Handwritten numeral recognition based on KNN algorithm

Posted by tekparasite on Tue, 23 Nov 2021 05:15:06 +0100

KNN nearest neighbor classification algorithm:

(nearest neighbor sampling) Proximity algorithm, or K-nearest neighbor (kNN) classification algorithm, is one of the simplest methods in machine learning classification technology. The so-called k nearest neighbors means k nearest neighbors, which means that each sample can be represented by its nearest K neighbors.

It belongs to supervised learning with category mark, and KNN is inert learning. It is called memory based learning, also known as instance based learning. It has no obvious pre training process. After the program runs and loads the data into memory, it can be classified without training.

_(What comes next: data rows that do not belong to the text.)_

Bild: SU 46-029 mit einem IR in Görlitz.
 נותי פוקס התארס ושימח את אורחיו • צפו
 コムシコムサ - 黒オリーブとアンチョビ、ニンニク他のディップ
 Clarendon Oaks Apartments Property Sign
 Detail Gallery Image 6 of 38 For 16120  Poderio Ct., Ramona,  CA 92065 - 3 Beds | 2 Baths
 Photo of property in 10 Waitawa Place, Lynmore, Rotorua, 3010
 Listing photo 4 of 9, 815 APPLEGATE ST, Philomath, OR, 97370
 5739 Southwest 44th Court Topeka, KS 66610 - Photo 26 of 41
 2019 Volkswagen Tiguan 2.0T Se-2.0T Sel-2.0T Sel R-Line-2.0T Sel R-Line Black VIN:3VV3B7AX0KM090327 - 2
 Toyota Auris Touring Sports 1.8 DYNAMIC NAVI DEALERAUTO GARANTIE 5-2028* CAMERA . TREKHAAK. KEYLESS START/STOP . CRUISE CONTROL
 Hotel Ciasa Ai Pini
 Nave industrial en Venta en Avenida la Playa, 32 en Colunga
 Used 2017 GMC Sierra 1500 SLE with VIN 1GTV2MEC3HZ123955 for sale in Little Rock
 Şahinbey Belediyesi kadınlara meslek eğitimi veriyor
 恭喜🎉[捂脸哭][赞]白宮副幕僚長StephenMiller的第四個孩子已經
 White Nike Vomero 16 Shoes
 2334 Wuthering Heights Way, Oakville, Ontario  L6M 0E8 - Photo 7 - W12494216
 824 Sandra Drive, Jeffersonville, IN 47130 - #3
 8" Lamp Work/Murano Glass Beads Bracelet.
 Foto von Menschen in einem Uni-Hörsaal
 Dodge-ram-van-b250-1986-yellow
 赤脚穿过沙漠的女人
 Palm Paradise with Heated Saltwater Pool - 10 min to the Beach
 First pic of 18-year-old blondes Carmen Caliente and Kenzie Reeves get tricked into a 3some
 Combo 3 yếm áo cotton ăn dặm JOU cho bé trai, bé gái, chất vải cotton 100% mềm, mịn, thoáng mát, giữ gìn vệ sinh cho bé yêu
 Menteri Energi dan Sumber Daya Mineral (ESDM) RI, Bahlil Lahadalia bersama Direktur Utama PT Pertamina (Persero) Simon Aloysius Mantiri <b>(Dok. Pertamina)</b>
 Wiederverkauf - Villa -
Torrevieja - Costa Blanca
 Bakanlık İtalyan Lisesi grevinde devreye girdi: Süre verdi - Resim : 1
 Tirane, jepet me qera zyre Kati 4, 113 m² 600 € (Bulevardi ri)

Algorithm implementation: 1. Calculate the distance between each sample point and the test point 2. Select the nearest K samples and obtain their label s 3. Then find the label with the largest number in the K samples and return the label

The essence of KNN is based on a method of data statistics.

The following is the application of KNN case: handwritten numeral recognition. My case here is in text format. There are no picture conversion steps. Material model: (source code + material will be pasted with githup link at the end)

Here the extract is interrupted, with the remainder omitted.